┌─ TASK INPUTS

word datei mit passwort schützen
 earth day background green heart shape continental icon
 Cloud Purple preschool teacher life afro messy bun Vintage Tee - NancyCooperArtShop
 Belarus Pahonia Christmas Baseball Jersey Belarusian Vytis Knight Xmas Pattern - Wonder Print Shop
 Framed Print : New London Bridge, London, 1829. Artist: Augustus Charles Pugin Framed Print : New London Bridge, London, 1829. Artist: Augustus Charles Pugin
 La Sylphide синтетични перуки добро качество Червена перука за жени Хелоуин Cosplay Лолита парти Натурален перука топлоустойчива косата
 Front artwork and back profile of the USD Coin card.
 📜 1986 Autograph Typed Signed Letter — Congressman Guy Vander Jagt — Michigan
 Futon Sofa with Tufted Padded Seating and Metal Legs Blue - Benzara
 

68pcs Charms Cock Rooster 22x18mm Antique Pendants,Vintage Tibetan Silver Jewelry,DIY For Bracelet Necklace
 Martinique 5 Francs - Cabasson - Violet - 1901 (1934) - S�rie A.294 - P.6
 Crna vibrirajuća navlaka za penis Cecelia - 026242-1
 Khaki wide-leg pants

└─

# [ASSIGNED TASK]
Leaving out all lines before the one containing "Martinique 5 Francs", copy that line and the rest through the end of the listing above exactly.

# [RESPONSE TO THE TASK]
 Martinique 5 Francs - Cabasson - Violet - 1901 (1934) - S�rie A.294 - P.6
 Crna vibrirajuća navlaka za penis Cecelia - 026242-1
 Khaki wide-leg pants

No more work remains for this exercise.